══ Source data
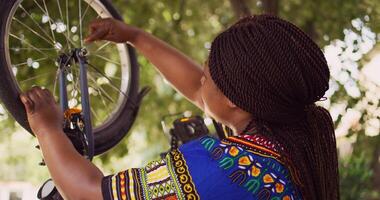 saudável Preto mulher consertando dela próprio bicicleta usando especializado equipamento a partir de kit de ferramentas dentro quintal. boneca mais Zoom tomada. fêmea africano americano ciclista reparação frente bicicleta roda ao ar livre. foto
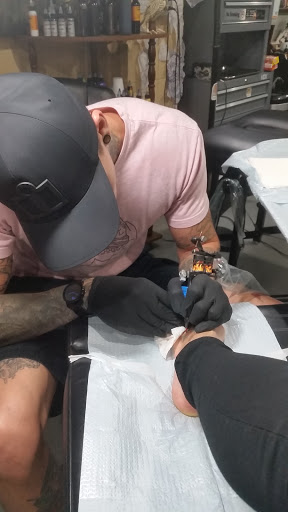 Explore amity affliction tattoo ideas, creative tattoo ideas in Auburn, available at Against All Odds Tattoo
════
══ Source data
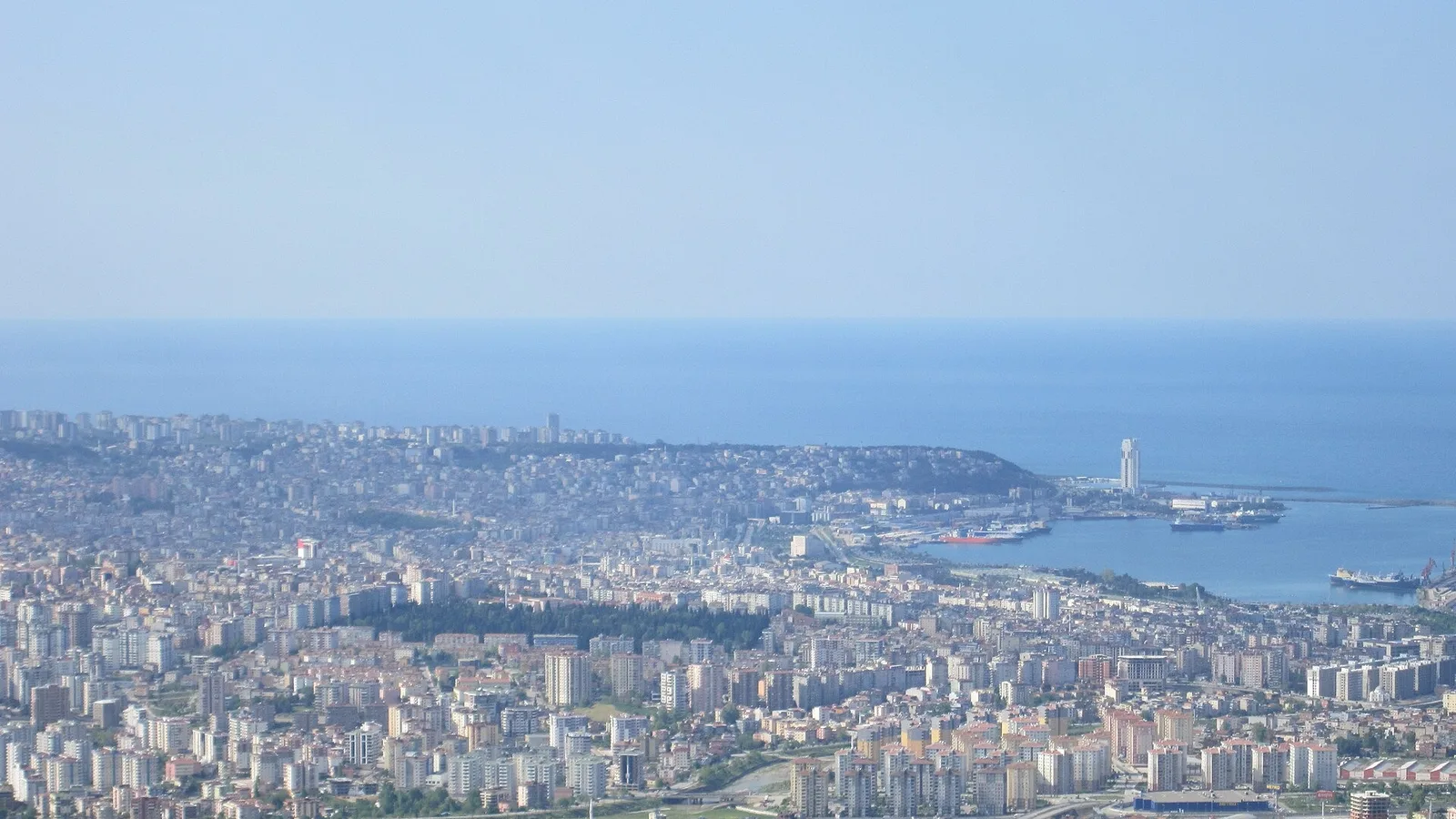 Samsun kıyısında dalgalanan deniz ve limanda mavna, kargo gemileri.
════
__Task directions__. Your reply is to be an exact repeat of the listing above from the line holding "saudável Preto mulher" down to the line holding "Explore amity affliction", ends included, pictures excluded.

__Solution to the exercise__.
 saudável Preto mulher consertando dela próprio bicicleta usando especializado equipamento a partir de kit de ferramentas dentro quintal. boneca mais Zoom tomada. fêmea africano americano ciclista reparação frente bicicleta roda ao ar livre. foto
 Explore amity affliction tattoo ideas, creative tattoo ideas in Auburn, available at Against All Odds Tattoo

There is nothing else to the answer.